Helen Liddell, the Education Minister, told a Prince's Trust conference in Edinburgh that the Government would continue to fund an initiative that was central to raising standards. Both the Prime Minister and Chancellor backed it and there would be "no question of removing support".
Mrs Liddell was responding to questions about the uncertainty of three-year funding for projects. Between the Government's Excellence Fund and the lottery's New Opportunities Fund, pound;50 million is likely to be injected.
Her view was given added weight by David Campbell, Scottish representative on the opportunities fund, which will oversee part of the spending on study support, now a much wider concept than after-school, supervised homework.
Mr Campbell, chair of the Health Education Board for Scotland, said a third of all lottery cash would be distributed through the fund after the Millennium Fund was wound up. But he added: "If over the next three years this is the big idea whose time has come, I would like to think it would attract mainstream funding."

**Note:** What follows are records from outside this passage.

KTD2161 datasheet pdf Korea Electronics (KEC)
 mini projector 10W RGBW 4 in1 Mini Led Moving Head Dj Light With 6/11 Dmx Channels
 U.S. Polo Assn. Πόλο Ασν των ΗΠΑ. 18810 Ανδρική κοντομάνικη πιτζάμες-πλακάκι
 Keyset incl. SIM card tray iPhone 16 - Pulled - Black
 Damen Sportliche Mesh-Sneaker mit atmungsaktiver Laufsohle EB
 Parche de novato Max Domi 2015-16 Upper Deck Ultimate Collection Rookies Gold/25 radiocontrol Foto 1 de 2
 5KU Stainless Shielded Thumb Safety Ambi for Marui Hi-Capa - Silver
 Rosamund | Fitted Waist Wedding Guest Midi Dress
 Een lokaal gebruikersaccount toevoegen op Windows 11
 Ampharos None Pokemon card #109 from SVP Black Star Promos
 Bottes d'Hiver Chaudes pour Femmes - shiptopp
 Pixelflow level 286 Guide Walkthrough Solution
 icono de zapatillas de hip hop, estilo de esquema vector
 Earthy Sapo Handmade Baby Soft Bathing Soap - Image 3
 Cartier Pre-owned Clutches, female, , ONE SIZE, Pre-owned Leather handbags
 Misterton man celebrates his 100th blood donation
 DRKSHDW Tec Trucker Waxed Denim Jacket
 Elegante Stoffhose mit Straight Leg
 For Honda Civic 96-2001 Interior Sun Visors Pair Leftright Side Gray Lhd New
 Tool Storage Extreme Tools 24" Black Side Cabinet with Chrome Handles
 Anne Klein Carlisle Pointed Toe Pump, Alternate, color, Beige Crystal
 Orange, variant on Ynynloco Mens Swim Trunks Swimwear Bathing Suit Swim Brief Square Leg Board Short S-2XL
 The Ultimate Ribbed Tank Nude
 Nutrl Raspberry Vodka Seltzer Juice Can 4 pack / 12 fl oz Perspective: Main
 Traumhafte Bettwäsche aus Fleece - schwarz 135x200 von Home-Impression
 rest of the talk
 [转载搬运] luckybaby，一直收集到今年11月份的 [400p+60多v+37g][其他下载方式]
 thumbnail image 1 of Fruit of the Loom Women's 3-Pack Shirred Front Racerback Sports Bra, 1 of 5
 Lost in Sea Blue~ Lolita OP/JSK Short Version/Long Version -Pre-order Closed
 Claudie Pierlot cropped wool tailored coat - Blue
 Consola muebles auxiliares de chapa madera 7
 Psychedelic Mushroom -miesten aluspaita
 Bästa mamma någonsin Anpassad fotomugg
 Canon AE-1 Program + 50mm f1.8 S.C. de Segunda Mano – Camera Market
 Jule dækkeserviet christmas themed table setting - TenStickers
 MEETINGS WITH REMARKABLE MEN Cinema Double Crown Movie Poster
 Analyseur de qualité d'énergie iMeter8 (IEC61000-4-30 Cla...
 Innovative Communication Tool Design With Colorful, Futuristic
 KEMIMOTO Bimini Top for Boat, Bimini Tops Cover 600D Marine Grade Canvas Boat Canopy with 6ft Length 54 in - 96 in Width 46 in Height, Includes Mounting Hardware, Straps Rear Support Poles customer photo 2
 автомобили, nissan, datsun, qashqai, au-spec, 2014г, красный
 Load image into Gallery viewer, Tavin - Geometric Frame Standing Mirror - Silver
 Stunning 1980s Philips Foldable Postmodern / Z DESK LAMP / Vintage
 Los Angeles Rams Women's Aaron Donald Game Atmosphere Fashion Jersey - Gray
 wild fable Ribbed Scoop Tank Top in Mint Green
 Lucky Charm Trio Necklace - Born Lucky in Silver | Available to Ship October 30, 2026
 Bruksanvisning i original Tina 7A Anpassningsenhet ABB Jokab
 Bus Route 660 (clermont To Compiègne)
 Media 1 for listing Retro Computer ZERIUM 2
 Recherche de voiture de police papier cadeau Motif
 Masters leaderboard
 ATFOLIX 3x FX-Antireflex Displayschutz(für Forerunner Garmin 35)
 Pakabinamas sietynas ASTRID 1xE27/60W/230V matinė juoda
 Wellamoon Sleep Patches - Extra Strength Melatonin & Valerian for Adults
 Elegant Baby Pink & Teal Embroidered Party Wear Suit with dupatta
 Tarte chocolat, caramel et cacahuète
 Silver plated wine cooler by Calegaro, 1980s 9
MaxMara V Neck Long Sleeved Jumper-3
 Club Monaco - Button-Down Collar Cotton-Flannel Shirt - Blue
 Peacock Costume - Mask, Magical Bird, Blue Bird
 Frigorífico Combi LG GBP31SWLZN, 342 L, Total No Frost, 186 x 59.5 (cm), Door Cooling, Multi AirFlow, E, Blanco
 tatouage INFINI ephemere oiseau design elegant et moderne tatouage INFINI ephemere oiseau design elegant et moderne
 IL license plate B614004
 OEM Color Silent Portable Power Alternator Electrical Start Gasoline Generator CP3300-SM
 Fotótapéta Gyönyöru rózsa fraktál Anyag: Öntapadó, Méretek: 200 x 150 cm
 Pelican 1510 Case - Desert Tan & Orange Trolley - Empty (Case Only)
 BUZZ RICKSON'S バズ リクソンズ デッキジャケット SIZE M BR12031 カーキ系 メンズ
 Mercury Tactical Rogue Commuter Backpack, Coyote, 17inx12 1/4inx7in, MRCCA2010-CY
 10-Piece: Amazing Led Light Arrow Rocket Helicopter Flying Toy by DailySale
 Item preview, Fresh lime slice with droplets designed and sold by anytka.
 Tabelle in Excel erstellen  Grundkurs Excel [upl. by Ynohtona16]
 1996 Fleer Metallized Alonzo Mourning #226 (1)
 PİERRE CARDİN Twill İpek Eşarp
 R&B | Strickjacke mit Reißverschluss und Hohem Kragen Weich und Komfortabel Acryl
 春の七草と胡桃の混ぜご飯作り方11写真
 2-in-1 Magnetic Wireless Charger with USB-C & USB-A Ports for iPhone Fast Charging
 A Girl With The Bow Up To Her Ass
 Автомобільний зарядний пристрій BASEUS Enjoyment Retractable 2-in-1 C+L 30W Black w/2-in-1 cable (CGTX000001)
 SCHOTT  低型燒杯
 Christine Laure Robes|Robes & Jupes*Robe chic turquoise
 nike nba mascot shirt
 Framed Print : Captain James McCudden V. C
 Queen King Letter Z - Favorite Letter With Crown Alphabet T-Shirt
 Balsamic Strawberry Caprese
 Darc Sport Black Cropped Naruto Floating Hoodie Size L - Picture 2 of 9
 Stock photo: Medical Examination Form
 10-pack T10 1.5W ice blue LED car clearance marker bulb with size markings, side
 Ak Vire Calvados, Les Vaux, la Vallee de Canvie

Mrs Liddell emphasised that study support was one of nine areas singled out in the excellence fund that would make a substantial difference to schools. "We do not often get a really exciting venture that can seize the imagination in education but this really is one. It's a toe in the door of lifelong learning," she said.
Forthcoming research would underline that projects before and after school, over weekends and during holidays were effective in enhancing self-esteem and motivation but activities and atmosphere had to be different to normal classes. Mrs Liddell believed every Scottish pupil should have access to a place.
But Tom Callan, St Stephen's High, Port Glasgow, warned: "Many pupils have to work immediately after school and although they may wish to attend they have social barriers and for many it is insurmountable."
John MacBeath, director of the Quality in Education Centre at Strathclyde University and lead researcher into the initiative throughout the UK, re-emphasised that out-of-school learning was vital. "Study support offers time in an informal setting to go a bit deeper, to get into deep learning and learning for understanding," Professor MacBeath said.
"Something like this should go right into school development planning and into what schools are all about. It's an exemplary development because it came from the bottom up and was endorsed from the top down."
Research had shown that homework was a "lonely and tedious" activity. Pupils gave up when they encountered difficulties because they had no one to turn to and study support promoted a "social context" after school.
"The big challenge is moving it from the periphery and we see schools now not with a homework policy or study support policy but a learning policy. At the centre of this is how we help young people become more effective, independent, interdependent learners," Professor MacBeath said.